**Exercise goal**
Output every line below exactly, please, omitting pictures.

**Data**
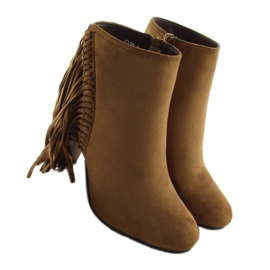 Fringe C138 Boots camel à franges brun 5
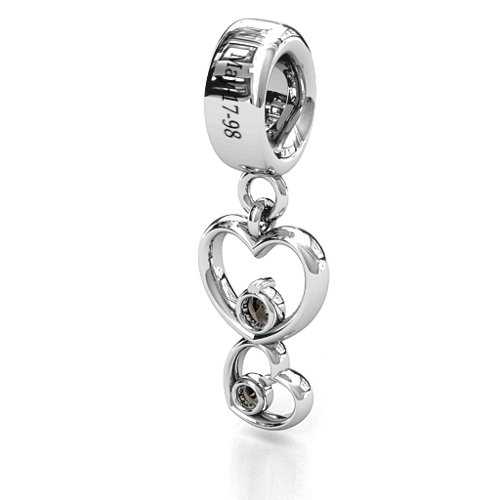 Double Heart Nest Bracelet Charm – Sterling Silver with Smokey Quartz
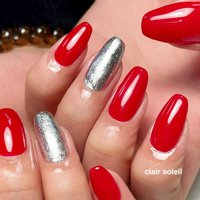 冬 シルバー 赤のネイルデザイン ネイルブック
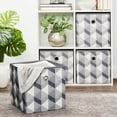 Mainstays Collapsible Fabric Cube Storage Bins (10.5" x 10.5"), 3D Geo, 4 Pack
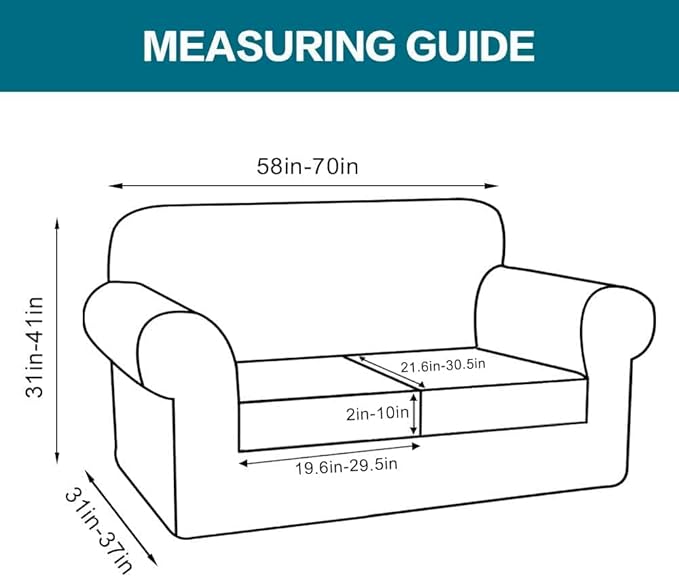 Turquoize 3 Piece Sofa Covers for 2 Cushion Couch Sofa Slipcover Soft Cover for Dogs-Washable Furniture Covers with 2 Individual Cushion Covers, Feature Jacquard Fabric(Loveseat, Caramel)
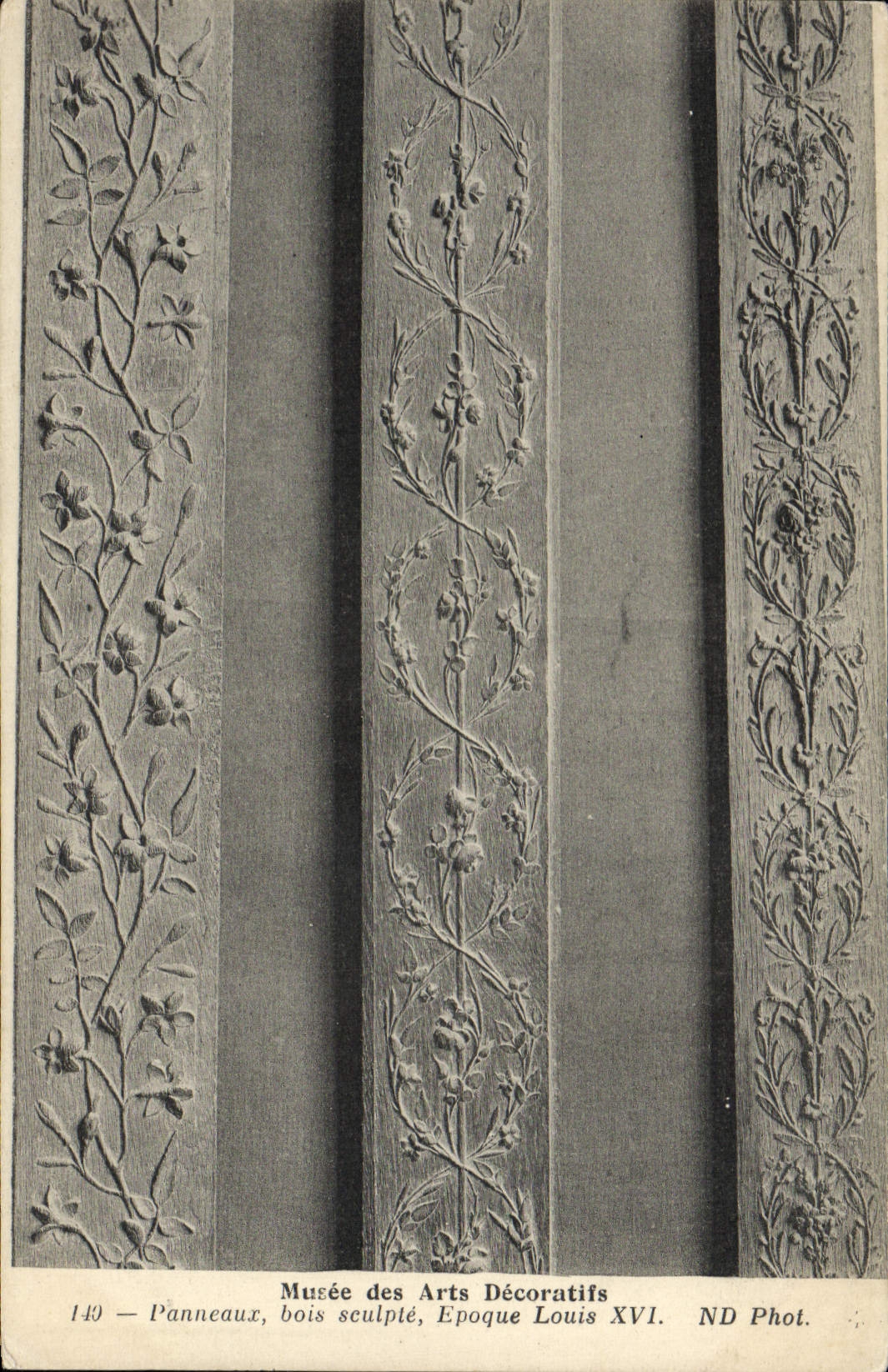 La POSTAL Musee de la VENDIMIA de la madera decorativa de los paneles de los artes talla el tiempo Louis XVI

**Result for this exercise**
 Fringe C138 Boots camel à franges brun 5
 Double Heart Nest Bracelet Charm – Sterling Silver with Smokey Quartz
 冬 シルバー 赤のネイルデザイン ネイルブック
 Mainstays Collapsible Fabric Cube Storage Bins (10.5" x 10.5"), 3D Geo, 4 Pack
 Turquoize 3 Piece Sofa Covers for 2 Cushion Couch Sofa Slipcover Soft Cover for Dogs-Washable Furniture Covers with 2 Individual Cushion Covers, Feature Jacquard Fabric(Loveseat, Caramel)
 La POSTAL Musee de la VENDIMIA de la madera decorativa de los paneles de los artes talla el tiempo Louis XVI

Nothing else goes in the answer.